(Scraped caption text data)
--- START ---
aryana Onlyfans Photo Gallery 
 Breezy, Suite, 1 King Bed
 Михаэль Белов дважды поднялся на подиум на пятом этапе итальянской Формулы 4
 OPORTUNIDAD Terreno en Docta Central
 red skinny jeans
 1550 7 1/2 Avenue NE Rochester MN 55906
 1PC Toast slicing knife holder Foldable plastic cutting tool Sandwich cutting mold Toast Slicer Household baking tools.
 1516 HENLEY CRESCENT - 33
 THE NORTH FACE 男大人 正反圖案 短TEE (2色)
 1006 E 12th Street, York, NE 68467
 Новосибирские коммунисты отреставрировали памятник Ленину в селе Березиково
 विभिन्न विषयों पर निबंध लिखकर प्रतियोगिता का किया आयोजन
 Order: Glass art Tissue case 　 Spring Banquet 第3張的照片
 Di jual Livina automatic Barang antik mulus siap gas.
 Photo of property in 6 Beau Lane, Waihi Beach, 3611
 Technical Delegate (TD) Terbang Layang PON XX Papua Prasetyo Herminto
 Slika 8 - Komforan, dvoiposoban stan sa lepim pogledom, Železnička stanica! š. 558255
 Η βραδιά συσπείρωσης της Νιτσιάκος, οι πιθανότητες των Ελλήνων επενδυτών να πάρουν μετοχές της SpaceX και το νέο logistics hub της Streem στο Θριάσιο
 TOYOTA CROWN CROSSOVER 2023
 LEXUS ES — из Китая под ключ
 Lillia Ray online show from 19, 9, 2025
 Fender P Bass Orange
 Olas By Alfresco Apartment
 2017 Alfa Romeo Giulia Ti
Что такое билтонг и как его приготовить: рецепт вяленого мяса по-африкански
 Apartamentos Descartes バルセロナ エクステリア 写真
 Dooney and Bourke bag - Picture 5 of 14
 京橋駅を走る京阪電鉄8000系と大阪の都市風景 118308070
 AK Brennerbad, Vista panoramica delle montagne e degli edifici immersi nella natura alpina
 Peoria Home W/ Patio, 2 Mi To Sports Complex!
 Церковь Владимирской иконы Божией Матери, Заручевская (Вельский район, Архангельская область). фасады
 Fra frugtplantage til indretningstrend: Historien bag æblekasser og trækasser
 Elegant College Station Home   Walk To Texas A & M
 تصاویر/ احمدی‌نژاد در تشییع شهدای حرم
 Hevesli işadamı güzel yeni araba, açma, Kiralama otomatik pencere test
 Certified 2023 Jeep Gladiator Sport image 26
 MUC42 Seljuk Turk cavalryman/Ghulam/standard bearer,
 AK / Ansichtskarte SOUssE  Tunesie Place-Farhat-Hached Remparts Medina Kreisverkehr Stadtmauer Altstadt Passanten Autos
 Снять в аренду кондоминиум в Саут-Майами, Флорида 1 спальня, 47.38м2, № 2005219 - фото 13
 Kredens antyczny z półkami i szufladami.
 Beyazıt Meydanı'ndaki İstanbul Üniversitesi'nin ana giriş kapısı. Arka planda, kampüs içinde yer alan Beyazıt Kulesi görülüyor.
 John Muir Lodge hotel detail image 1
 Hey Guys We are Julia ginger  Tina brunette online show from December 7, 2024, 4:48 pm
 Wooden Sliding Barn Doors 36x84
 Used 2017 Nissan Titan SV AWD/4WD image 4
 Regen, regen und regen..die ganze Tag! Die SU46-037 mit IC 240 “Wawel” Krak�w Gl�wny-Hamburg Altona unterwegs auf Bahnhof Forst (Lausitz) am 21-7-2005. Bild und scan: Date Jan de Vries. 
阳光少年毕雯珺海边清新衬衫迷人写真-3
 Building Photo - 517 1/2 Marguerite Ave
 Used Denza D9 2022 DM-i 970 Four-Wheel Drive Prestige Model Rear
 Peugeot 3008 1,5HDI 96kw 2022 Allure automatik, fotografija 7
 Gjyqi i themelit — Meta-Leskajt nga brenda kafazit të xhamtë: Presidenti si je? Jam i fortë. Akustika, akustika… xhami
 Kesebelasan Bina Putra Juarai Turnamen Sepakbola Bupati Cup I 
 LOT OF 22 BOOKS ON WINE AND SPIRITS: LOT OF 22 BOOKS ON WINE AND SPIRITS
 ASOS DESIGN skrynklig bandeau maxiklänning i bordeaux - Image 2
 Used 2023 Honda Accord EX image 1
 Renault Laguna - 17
--- END ---
**Directions for this task**.
The lines above, starting at the one with "2017 Alfa Romeo Giulia Ti" and ending at the one with "Peoria Home W/", are the only ones to return, exactly as written.

**Expected output**.
 2017 Alfa Romeo Giulia Ti
Что такое билтонг и как его приготовить: рецепт вяленого мяса по-африкански
 Apartamentos Descartes バルセロナ エクステリア 写真
 Dooney and Bourke bag - Picture 5 of 14
 京橋駅を走る京阪電鉄8000系と大阪の都市風景 118308070
 AK Brennerbad, Vista panoramica delle montagne e degli edifici immersi nella natura alpina
 Peoria Home W/ Patio, 2 Mi To Sports Complex!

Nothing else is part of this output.